Re: aac0: COMMAND 0xffffffffxxxxxxxx TIMEOUT AFTER xx SECONDS
- From: Scott Long <scottl@xxxxxxxxxx>
- Date: Fri, 09 Jun 2006 14:18:30 -0600
Chris Hedley wrote:
On Fri, 9 Jun 2006, Doug White wrote:
On Fri, 9 Jun 2006, Chris Hedley wrote:
I've been receiving this message quite a lot lately if I put my Adaptec 2410SA aac controller under really heavy load. A quick look at the archives suggests that it used to be a problem a couple of years ago, but was apparently fixed. Personally I've had no bother with it until a few months ago when I upgraded my version of -CURRENT, at which point it started misbehaving.
I assume you've checked cabling and termination? Frequently, driver updates can improve performance which means less tolerance for marginal configurations.
The 2410SA uses SATA discs (I was trying to get SCSI performance on the cheap, ever the optimist!) so I'm assuming that the cables are okay. At least there's no user-breakable termination settings for me to worry about...
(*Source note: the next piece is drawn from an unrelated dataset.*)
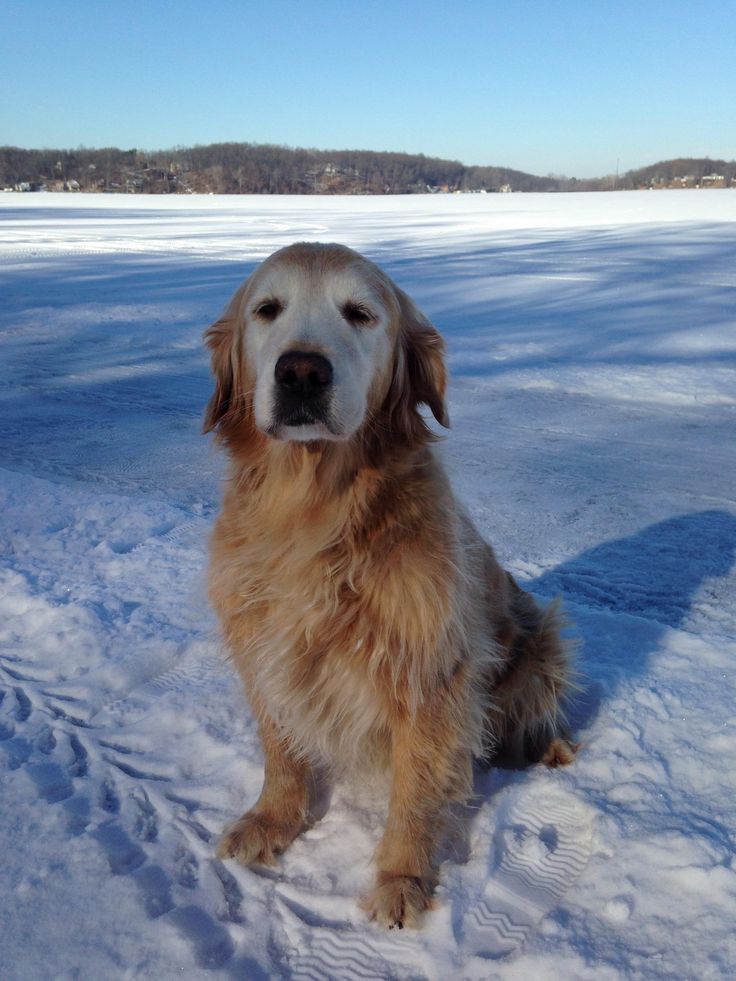 a large brown dog sitting in the snow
I'm also wondering if I might not be better off actually replacing the card with something better, or at least something better suited to FreeBSD: with the discs' and controller's write-caching turned off, the 2410SA is s-l-o-w, about 6MB/s for contiguous writes to an array (either RAID-5 or RAID-10) (benchmarked using the admittedly somewhat crude "dd various block sizes to/from a /dev entry" technique), although reads are acceptable at ~50-60MB/s, if not especially earth-shattering. Any suggestions (for something inexpensive! If money were no object I'd've gone for a SCSI-only system), or might I just as well stick with the 2410SA?
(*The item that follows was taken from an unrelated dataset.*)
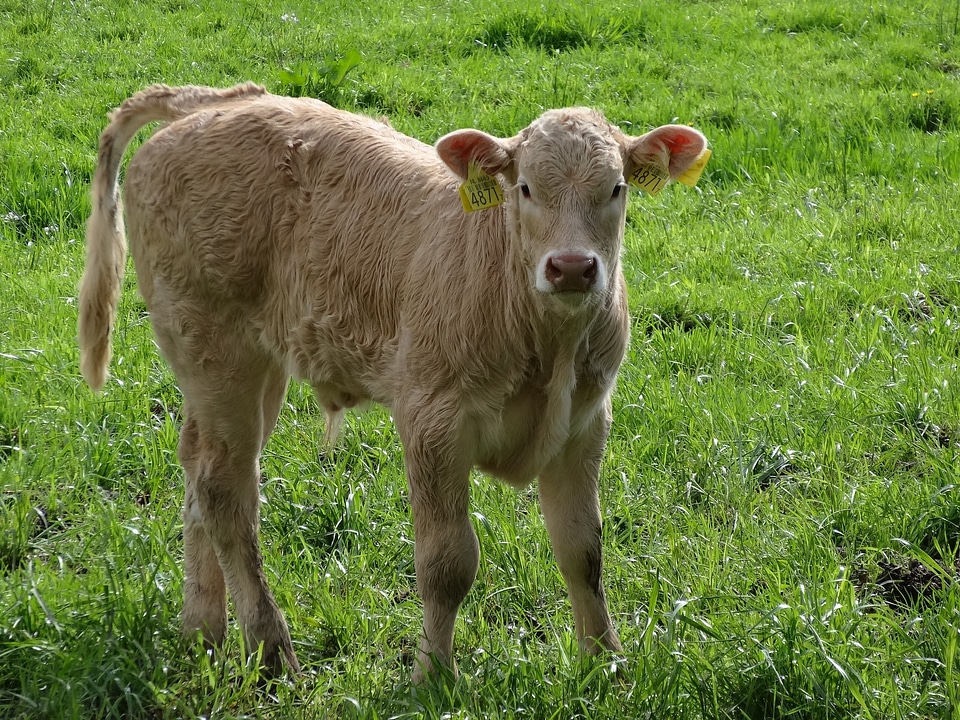 Animals nature animal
6MB/s sounds like you aren't getting any help from the card's write cache; its having to do stripe reads to recalculate parity instead of doing full stripe writes. Many cards disable write-back cache if the battery module isn't present -- make sure you have one and its working. /dev accesses also use physio so you don't get any benefit from write combining in the filesystem layer.
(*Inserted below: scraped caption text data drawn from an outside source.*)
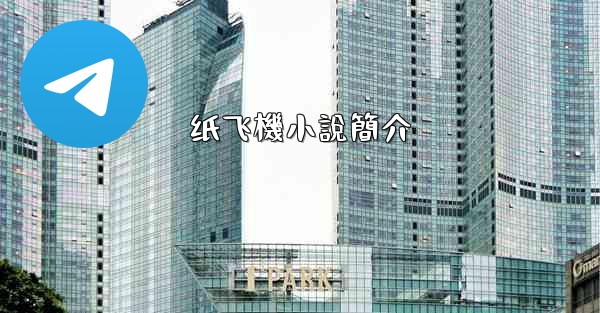 纸飞機小說簡介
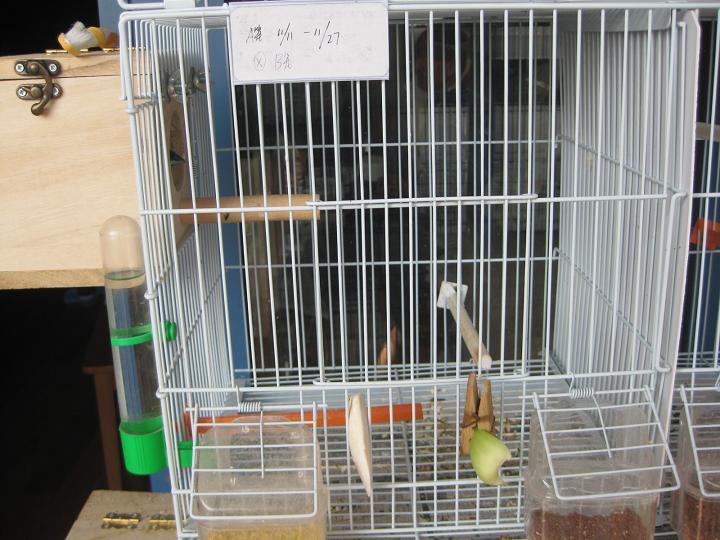 照片 006.jpg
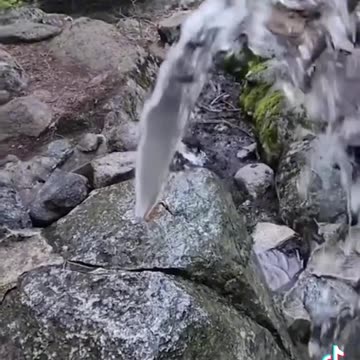 Coisas que os humanos não deveriam ver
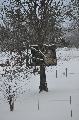 061.jpg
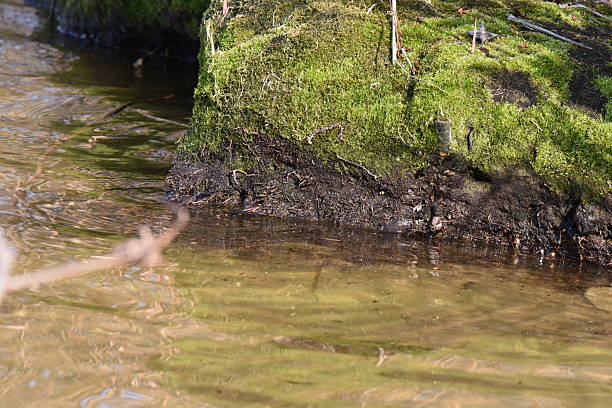 Rocks covered with green moss by the Dnipro river in early spring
I've deliberately turned off write-caching because the 2410SA doesn't support battery-backed memory. I'm not sure if it's really necessary to disable it, but having experienced the odd disc crash in the past I've become a little paranoid about my data...
What the battery gives you is consistency of the parity data in the case of power loss. You can have a situation where a block is being modified, and thus the parity also needs to be modified. If the block
gets written but not the parity, or the parity gets written but not the
block, the stripe will be inconsistent. You won't see this until you
have a drive failure and are trying to do a rebuild from teh parity. By
that point, it's too late, you'll have silent data corruption due to the
inconsistency. For RAID-0, the battery is pointless, and for RAID-1, the battery is nearly pointless; the mirror members will either agree or
not, and if they disagree the worst that will happen is that you'll get
old data. This is no different than if the OS crashes without flushing
out all buffers. Old data is much easier to recover from than corrupt
data, which is what you get if the parity is inconsistent.
Also, in general, hardware RAID beats PCI RAID, hands down.
In my case, software raid beats it too! I have my "fast discs" attached to an old 3960 controller and mirror them with gmirror, and the write performance is an order of magnitude better than the 2410SA, which tells me that something somewhere must be wrong. I know I shouldn't really expect SCSI performance from SATA discs, but this seems a bit much to me (I also have write-caching turned off on my SCSI discs, but I have enabled tagged queueing). I'm still slightly uncomfortable with the idea of software RAID, but it hasn't lost anything yet, in spite of a few "unplanned outages".
Software RAID will almost always be faster for trivial tasks than PCI
RAID. What PCI RAID gives you is task offloading from the CPU, and
protection while the OS is not running. If your CPU is sitting idle
most of the time, then software RAID often is a win.
That said, the design of a PCI RAID controller plays a huge role in how
it performs. Let's just say that the 2410 design is, um, "low end". There are other cards out there from several vendors, especially the newer generation ones that use PCI-Express and PCI-X, that perform a whole heck of a lot better. I have several cards that beat software
RAID by a wide margin, but they are also expensive.